British architectural photographer Marc Goodwin has gone behind the scenes to capture 16 architecture workspaces in Japan.
The project by Goodwin – who is the founder of photography studio Archmospheres – forms part of his latest photography series that documents architecture workspaces, most recently spanning Taiwan, Vienna and Munich.
Focusing on “young, non-traditional studios” in Japan, the latest series features workspaces of various scales and settings – ranging from spacious warehouses and offices to smaller-scale workshops and residences.


Among the studios featured are Kengo Kuma & Associates, Akihisa Hirata and Tato Architects.
Goodwin collaborated with architect Samuel Michaëlsson for the series, which complements Michaëlsson’s existing collection of interviews with the same architects similarly featured in this photography series.

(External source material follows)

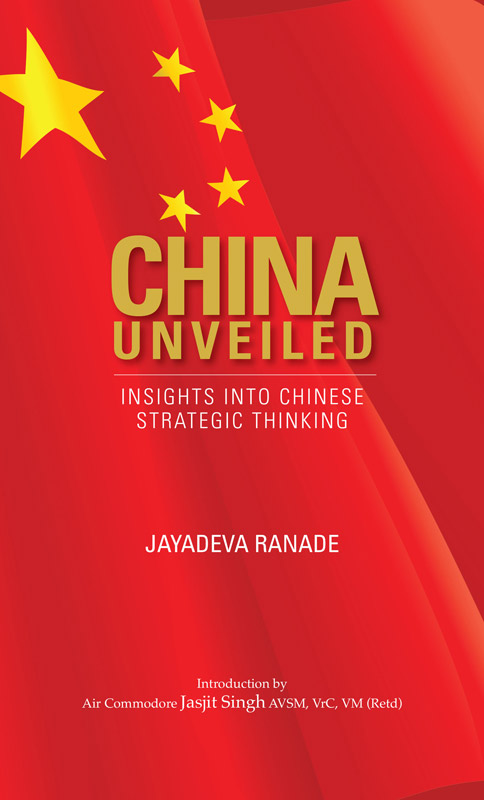 Cover of China Unveiled: Insights into Chinese Strategic Thinking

According to Goodwin, the studio spaces across Japan varied greatly from those featured in his previous series, with the studios and projects different from any that he has previously encountered.
“The atmosphere of these offices was a great surprise, in a good way,” Goodwin told Dezeen.

“I was expecting a corporate but highly professional work environment,” he added. “Instead what I got was an ever-surprising, and often transitional-feeling set of adapted spaces that defied truisms of the basic needs of an office.”
“It often felt more like the continuation of design studios at architecture school rather than the office environment one often encounters when starting practice at a firm.”